Let's see how to build a script that works for this.
The script is examples/multistage/multistage.py
. The script's
stages are each encapsulated into a function, which executes
it:
download()
: Downloads the data to a target folder.preprocess()
: Preprocesses data from a source folder to a target folder.train()
: Trains a model given data in a training folder, and saves the model to disk.evaluate()
: Evaluates a model, give a path to it, and a path to a test folder. Saves the results to another folder.analyze()
: Analyzes the data in a results folder and produces a plot.
There are two additional bound functions:
run_stages()
: Runs the requested stages in the script. Takes a list of strings, each of which corresponds to the stages above. If a specified stage is not known to the script, this throws an error. The run stages function looks like this:
@argbind.bind()
def run(stages : List[str] = STAGES):
"""Run stages.
Parameters
----------
stages : List[str], optional
List of stages to run, by default
['download', 'preprocess', 'train',
'evaluate', 'analyze']
"""
with output():
for stage in stages:
if stage not in STAGES:
raise ValueError(
f"Requested stage {stage} not in known stages {STAGES}"
)
stage_fn = globals()[stage]
stage_fn()
output()
: The script switches working directories to the specified folder. The rest of the script can then use relative paths with respect to the specified output folder. This is a context manager that is bound via ArgBind! While not the focus of this example, it's a nifty function to use in experiment code.
Let's look at the help for this script:
usage: multistage.py [-h] [--args.save ARGS.SAVE] [--args.load ARGS.LOAD]
[--args.debug ARGS.DEBUG] [--output.folder OUTPUT.FOLDER]
[--download.folder DOWNLOAD.FOLDER]
[--preprocess.src_folder PREPROCESS.SRC_FOLDER]
[--preprocess.dst_folder PREPROCESS.DST_FOLDER]
[--train.folder TRAIN.FOLDER]
[--train.epochs TRAIN.EPOCHS] [--train.lr TRAIN.LR]
[--train.model_type TRAIN.MODEL_TYPE]
[--train.model_path TRAIN.MODEL_PATH]
[--evaluate.model_path EVALUATE.MODEL_PATH]
[--evaluate.folder EVALUATE.FOLDER]
[--evaluate.results_folder EVALUATE.RESULTS_FOLDER]
[--analyze.results_folder ANALYZE.RESULTS_FOLDER]
[--run.stages RUN.STAGES]
optional arguments:
-h, --help show this help message and exit
--args.save ARGS.SAVE
Path to save all arguments used to run script to.
--args.load ARGS.LOAD
Path to load arguments from, stored as a .yml file.
--args.debug ARGS.DEBUG
Print arguments as they are passed to each function.

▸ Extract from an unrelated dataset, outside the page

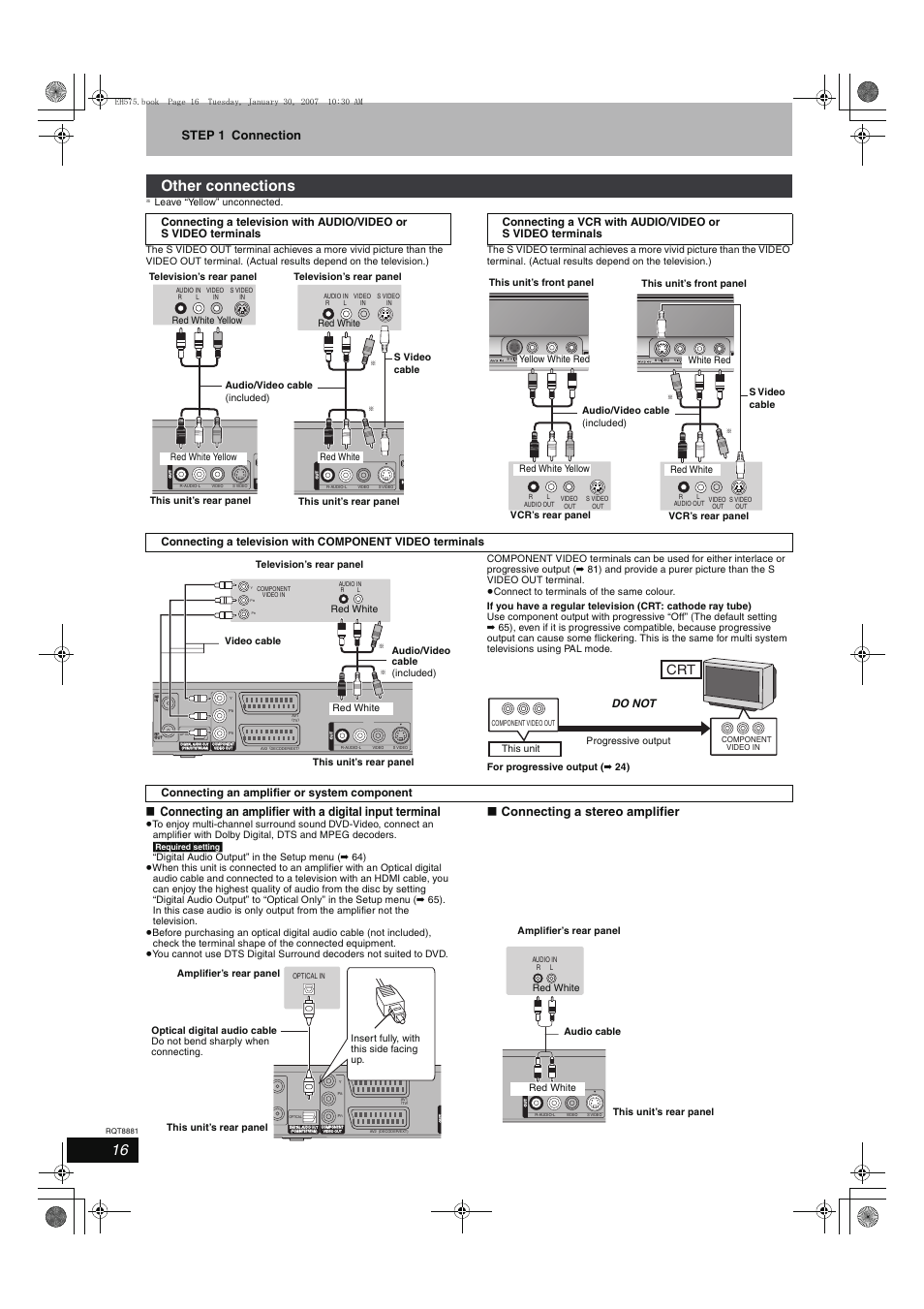 Other connections, Step 1 connection, Connecting a stereo amplifier | Do not connecting an amplifier or system component | Panasonic DMR-EH575 User Manual | Page 16 / 84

Generated arguments for function output:
Controls the output folder where everything gets saved.
--output.folder OUTPUT.FOLDER
Output folder, everything is saved relative to this folder,
by default '.'
Generated arguments for function download:
Download data to folder.
--download.folder DOWNLOAD.FOLDER
Absolute path to folder to download data to, by default
'/data/raw'
Generated arguments for function preprocess:
Preprocess data.
--preprocess.src_folder PREPROCESS.SRC_FOLDER
Absolute path to raw data, by default '/data/raw'
--preprocess.dst_folder PREPROCESS.DST_FOLDER
Absolute path where preprocessed data is placed, by default
'/data/processed'
Generated arguments for function train:
Train the model.
--train.folder TRAIN.FOLDER
Folder to train from, by default '/data/processed/train/'
--train.epochs TRAIN.EPOCHS
Number of epochs, by default 50
--train.lr TRAIN.LR Learning rate, by default 1e-3
--train.model_type TRAIN.MODEL_TYPE
Type of model, by default 'conv'
--train.model_path TRAIN.MODEL_PATH
Where to save model to, by default 'checkpoints/model.pth'
Generated arguments for function evaluate:
Evaluate the model.
--evaluate.model_path EVALUATE.MODEL_PATH
Path to model to evaluate, by default
'checkpoints/model.pth'
--evaluate.folder EVALUATE.FOLDER
Folder containing data to evaluate model on, by default
'/data/processed/test/'
--evaluate.results_folder EVALUATE.RESULTS_FOLDER
Folder to save results into, by default './results'
Generated arguments for function analyze:
Analyze model performance, make plots.
--analyze.results_folder ANALYZE.RESULTS_FOLDER
Folder where results are, by default './results'
Generated arguments for function run:
Run stages.
--run.stages RUN.STAGES
List of stages to run, by default ['download',
'preprocess', 'train', 'evaluate', 'analyze']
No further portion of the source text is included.